The BBC is considering Brussels as the place for a new EU base following Brexit to enable it to continue to broadcast across the continent, and Belgium’s prime minister, Charles Michel held talks on the possibility in Davos with the BBC’s director general, Tony Hall.
Belgium is usually on the shortlist of companies keen to anchor in the European Union following Brexit, but it’s further understood that the BBC is looking at the Netherlands and Ireland as possible localities for the new offshoot.
The BBC will require EU-based licences for its international channels which include BBC World, BBC Entertainment, BBC First, and BBC Earth if it wants to have them broadcast across the rest of Europe either following 29 March, if the UK leaves without an agreement, or following the transition period, should Theresa May’s agreement be ratified by parliament.
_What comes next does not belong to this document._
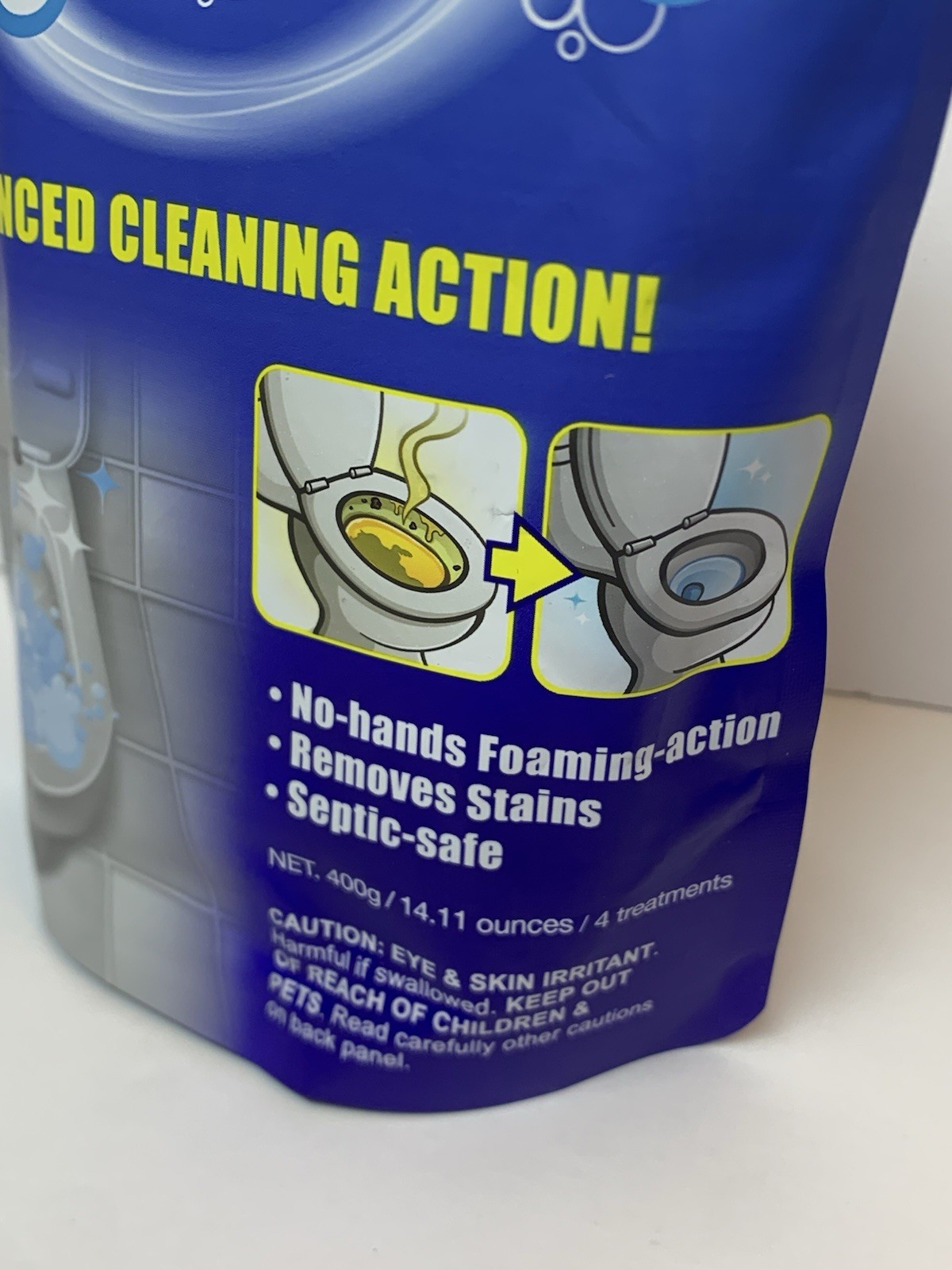 LOT Splash Toilet Cleaner Foaming Dissolve Septic Safe 400g + Cleaning Tablets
The Prime Minister has been trying to include the audiovisual industry in a free trade agreement to circumvent the problem, but her pleas have been disregarded, and the French president, Emmanuel Macron, affirmed his opposition to Downing Street’s request, and he said in a letter to a concerned group that he had no plan on allowing the United Kingdom to continue to dominate the industry.
France has consistently defended the exclusion of audiovisual services from free trade agreements, and he wrote that it was an essential issue, which concerned the protection of cultural diversity, and he stated that France has made it a principal feature in every trade negotiation. It has therefore obtained, in all the free trade agreements the EU has concluded, the exclusion of audiovisual services.
As a consequence, to secure a pan-EU broadcast licence, the BBC will need to have either its head office, or a vital part of the workforce of the relevant channel, or a satellite uplink in a member state to qualify for a licence there, a request which could lead to the broadcaster moving some staff and services into the EU.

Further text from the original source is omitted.